E num mundo em que as mulheres são muitas vezes valorizadas pelo aspecto físico, a necessidade de conquistar a eterna juventude leva-as a recorrer às cirurgias plásticas. O que é ainda mais premente em Hollywood, onde muitas actrizes são glorificadas principalmente pelo corpo.

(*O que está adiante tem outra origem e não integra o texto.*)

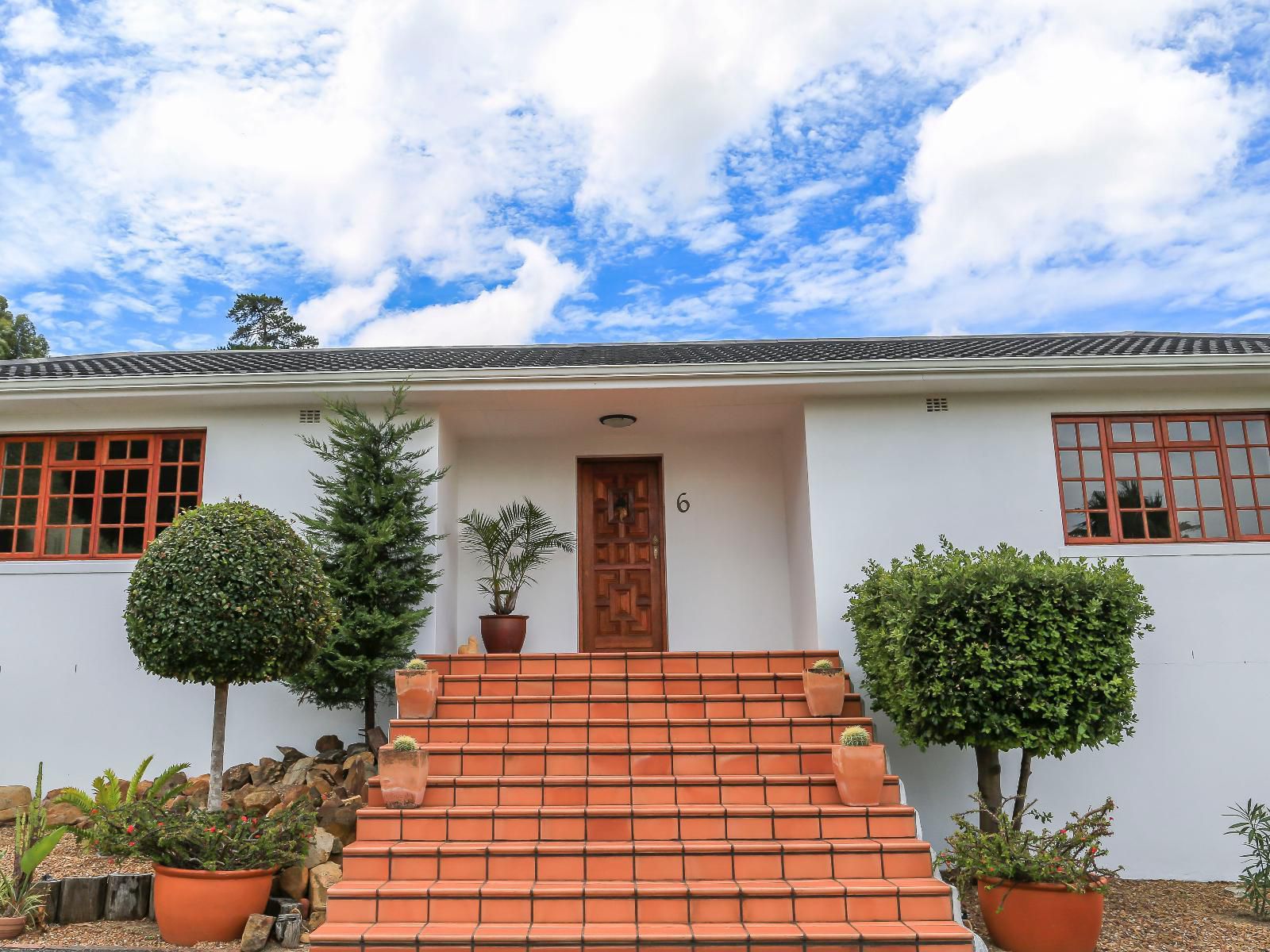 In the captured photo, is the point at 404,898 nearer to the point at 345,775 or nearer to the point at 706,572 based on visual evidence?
the point at 345,775

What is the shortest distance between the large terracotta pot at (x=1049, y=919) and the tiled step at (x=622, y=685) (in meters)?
2.04

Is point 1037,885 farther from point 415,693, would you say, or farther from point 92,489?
point 92,489

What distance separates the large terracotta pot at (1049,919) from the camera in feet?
14.2

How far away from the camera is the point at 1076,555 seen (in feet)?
22.2

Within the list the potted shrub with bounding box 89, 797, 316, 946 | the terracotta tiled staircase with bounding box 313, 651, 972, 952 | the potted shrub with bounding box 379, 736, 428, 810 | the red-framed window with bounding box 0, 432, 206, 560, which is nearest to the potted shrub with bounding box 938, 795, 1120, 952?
the terracotta tiled staircase with bounding box 313, 651, 972, 952

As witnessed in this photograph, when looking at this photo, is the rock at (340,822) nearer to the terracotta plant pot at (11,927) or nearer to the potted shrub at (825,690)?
the terracotta plant pot at (11,927)

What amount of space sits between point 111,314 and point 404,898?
2179cm

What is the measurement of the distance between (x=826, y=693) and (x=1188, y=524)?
345cm

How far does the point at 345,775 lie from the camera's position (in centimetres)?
598

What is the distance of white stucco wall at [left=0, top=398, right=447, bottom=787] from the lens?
22.2 ft

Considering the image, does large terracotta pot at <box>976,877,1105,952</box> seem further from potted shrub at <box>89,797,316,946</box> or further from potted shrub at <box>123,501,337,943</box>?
potted shrub at <box>123,501,337,943</box>

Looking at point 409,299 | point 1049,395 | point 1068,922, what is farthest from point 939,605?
point 409,299

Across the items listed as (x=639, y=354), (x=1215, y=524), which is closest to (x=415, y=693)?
(x=639, y=354)

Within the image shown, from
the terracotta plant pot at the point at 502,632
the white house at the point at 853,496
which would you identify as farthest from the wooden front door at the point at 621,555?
the white house at the point at 853,496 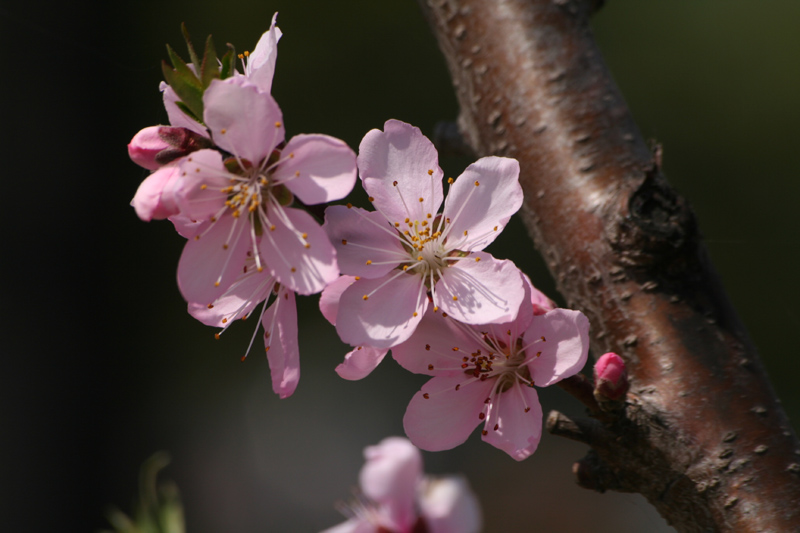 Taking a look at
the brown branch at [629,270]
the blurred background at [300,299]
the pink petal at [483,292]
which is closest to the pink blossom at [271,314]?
the pink petal at [483,292]

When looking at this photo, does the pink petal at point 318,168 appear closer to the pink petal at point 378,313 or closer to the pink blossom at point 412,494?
the pink petal at point 378,313

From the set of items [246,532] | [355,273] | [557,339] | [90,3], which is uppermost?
[90,3]

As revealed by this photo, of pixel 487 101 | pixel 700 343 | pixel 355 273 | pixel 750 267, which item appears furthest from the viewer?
pixel 750 267

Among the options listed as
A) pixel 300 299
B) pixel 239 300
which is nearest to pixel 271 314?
pixel 239 300

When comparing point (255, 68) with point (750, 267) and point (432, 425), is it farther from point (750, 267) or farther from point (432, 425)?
point (750, 267)

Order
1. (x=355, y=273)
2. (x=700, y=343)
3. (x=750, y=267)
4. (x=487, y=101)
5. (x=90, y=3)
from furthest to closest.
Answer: (x=90, y=3) → (x=750, y=267) → (x=487, y=101) → (x=700, y=343) → (x=355, y=273)

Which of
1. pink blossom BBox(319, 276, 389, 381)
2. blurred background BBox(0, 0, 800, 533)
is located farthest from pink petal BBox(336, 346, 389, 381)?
blurred background BBox(0, 0, 800, 533)

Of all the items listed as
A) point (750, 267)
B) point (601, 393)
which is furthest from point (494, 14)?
point (750, 267)

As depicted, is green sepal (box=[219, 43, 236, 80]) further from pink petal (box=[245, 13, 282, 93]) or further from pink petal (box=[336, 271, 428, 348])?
pink petal (box=[336, 271, 428, 348]) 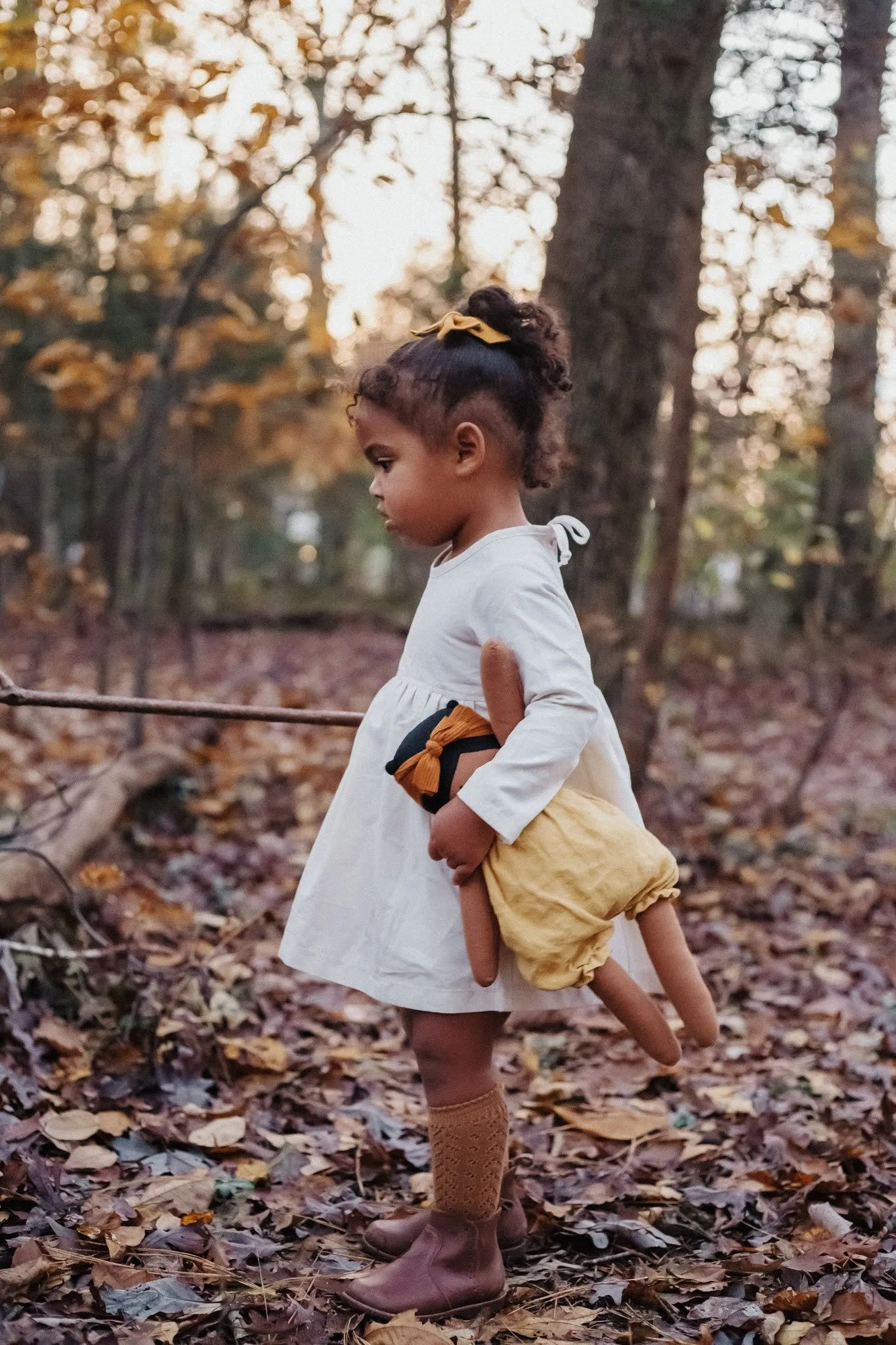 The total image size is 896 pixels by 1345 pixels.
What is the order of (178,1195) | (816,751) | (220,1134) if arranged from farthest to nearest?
(816,751) → (220,1134) → (178,1195)

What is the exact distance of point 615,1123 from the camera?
3.04 meters

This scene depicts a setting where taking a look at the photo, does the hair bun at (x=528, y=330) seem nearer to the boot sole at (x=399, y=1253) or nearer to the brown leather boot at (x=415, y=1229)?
the brown leather boot at (x=415, y=1229)

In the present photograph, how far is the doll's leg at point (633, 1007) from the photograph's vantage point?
2.05m

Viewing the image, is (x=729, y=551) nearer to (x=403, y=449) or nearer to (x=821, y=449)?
(x=821, y=449)

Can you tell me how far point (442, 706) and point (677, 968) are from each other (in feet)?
2.02

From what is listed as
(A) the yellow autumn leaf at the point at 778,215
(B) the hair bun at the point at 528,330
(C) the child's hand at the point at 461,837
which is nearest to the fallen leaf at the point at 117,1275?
(C) the child's hand at the point at 461,837

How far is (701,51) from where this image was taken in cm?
400

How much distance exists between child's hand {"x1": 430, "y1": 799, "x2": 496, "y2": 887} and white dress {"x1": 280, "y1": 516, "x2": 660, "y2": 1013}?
0.11 feet

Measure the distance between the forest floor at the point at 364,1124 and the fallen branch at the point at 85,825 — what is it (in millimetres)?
118

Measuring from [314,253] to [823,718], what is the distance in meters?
4.63

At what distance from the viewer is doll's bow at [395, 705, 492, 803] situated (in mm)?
2072

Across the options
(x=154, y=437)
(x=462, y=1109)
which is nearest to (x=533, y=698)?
(x=462, y=1109)

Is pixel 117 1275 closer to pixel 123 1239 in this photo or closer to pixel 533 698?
pixel 123 1239

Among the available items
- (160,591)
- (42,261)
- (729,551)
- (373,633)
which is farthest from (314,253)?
(160,591) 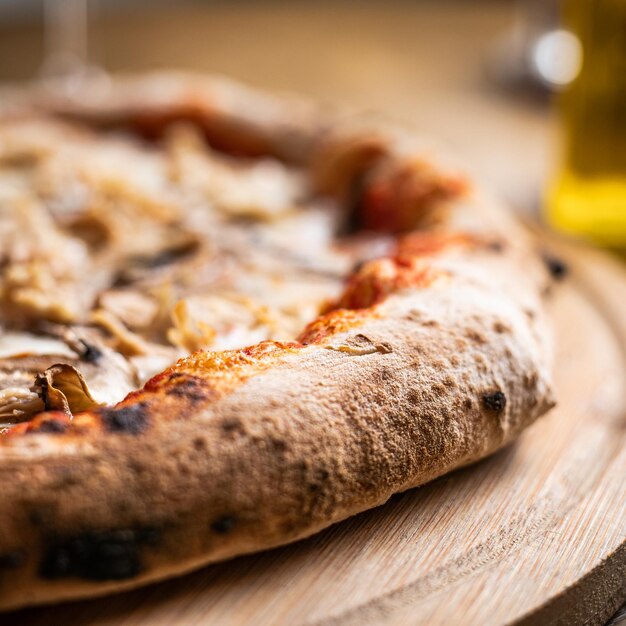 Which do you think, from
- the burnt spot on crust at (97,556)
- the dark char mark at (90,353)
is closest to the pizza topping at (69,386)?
the dark char mark at (90,353)

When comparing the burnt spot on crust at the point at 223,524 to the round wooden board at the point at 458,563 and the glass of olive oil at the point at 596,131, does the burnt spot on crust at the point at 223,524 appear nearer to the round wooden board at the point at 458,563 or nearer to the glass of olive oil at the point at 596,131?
the round wooden board at the point at 458,563

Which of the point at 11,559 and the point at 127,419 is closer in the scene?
the point at 11,559

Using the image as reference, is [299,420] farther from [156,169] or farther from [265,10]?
[265,10]

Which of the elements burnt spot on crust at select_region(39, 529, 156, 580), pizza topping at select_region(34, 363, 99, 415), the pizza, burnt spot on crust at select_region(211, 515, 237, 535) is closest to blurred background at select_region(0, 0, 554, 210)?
the pizza

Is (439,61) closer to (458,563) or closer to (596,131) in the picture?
(596,131)

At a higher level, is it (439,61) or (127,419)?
(439,61)

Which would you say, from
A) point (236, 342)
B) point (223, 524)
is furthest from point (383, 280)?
point (223, 524) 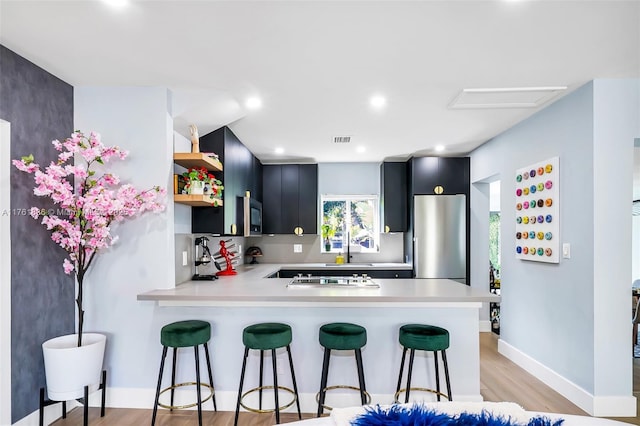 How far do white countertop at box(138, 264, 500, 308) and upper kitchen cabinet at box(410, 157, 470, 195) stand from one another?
7.00 ft

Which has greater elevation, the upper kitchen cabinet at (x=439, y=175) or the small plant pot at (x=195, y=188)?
the upper kitchen cabinet at (x=439, y=175)

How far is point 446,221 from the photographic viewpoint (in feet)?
15.5

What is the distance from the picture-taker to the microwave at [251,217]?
402 centimetres

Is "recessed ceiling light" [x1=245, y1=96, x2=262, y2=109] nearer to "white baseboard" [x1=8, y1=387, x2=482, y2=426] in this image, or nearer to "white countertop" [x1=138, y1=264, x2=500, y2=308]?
"white countertop" [x1=138, y1=264, x2=500, y2=308]

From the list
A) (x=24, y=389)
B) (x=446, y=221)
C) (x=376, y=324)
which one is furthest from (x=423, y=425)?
(x=446, y=221)

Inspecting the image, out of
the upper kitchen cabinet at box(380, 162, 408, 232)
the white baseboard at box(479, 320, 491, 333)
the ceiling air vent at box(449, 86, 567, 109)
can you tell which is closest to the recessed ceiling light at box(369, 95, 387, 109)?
the ceiling air vent at box(449, 86, 567, 109)

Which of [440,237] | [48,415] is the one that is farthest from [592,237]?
[48,415]

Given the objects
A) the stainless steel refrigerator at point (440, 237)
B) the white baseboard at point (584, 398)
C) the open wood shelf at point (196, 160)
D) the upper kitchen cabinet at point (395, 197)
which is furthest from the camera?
the upper kitchen cabinet at point (395, 197)

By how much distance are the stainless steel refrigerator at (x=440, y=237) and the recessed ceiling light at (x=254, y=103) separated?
8.90ft

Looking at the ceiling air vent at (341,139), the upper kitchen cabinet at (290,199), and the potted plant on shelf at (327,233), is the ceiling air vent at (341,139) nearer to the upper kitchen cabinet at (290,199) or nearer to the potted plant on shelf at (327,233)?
the upper kitchen cabinet at (290,199)

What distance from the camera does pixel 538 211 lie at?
3.20 metres

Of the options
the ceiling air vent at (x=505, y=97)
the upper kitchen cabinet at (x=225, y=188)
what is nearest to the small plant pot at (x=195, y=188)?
the upper kitchen cabinet at (x=225, y=188)

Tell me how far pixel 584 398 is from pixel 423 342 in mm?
1416

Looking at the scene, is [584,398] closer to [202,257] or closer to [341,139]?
[341,139]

Renée Zellweger já tinha uma carreira consolidada. Deu nas vistas com ‘O Diário de Bridget Jones’, deslumbrou tudo e todos com ‘Chicago’ e venceu um Óscar pelo seu papel em ‘Cold Mountain’. Vários críticos esmagavam-na a cada filme que era lançado, mas era acarinhada pelo público, pelos seus colegas e pela Academia. Se provou o que tinha a provar enquanto actriz, esta necessidade de rejuvenescer estará directamente relacionada com a realização profissional?

Sem conhecer o passado da actriz, a psicóloga explica o que, a seu ver, leva a maioria das mulheres a recorrer às cirurgias plásticas: “Quem sente a necessidade de não só fazer pequenas alterações na cara, mas de uma tal transformação que a deixa irreconhecível, aos olhos de muitos mostra uma grande falta de auto-estima e de valorização de si mesma. Reflecte uma total dependência da beleza, da juventude e das cirurgias em si – que se tornam um vício, tal como as drogas e o álcool”, conclui.

Para o cirurgião plástico Manuel Oliveira Martinho, médico da Corporación Dermoestética, o que leva as mulheres a recorrerem a estes processos não tem necessariamente a ver com uma questão de vaidade. “Existem mulheres que condicionam as suas actividades por não se sentirem bem com o seu corpo – falamos de aspectos como uma barriga flácida devido à gravidez, um nariz demasiado grande ou orelhas de abano, por exemplo. Há quem sofra com estes problemas”, explica.

As mulheres que não gostam de si mesmas acham também que os outros não gostam do seu aspecto. “Isto influencia muito na personalidade de alguém. Mas os resultados da cirurgia também têm um grande impacto na forma de estar de uma pessoa”, disse ao SOL.

No entanto, há que perceber se não existe de facto um problema psicológico mais grave por detrás de um rosto. “Se a pessoa tem desejos que não são realistas, o médico deve declinar o pedido ou pedir ajuda a um colega [na área da psicologia] (…) Se o cirurgião for honesto e vir que a paciente não vai obter os resultados pretendidos, tem o dever de dizer que não opera”, afirma o doutor Manuel Oliveira Martinho.

O médico confessa que não conhece bem o caso de Renée Zellweger, mas referindo-se ao caso de Hollywood em geral, fala na pressão que os artistas sentem para manterem uma certa imagem: “Ou porque há a necessidade de preservar a beleza ou porque existe o medo de se ser ultrapassado pelos mais jovens”.

“Se a pessoa vive da imagem, tem de cuidar da mesma. O pior é quando as cirurgias se tornam irrealistas e os resultados não são naturais”, acrescenta. E tal como já foi referido, cabe ao médico ser sincero com o paciente e tentar perceber se se trata apenas de uma tentativa de aperfeiçoamento ou de um problema mais sério.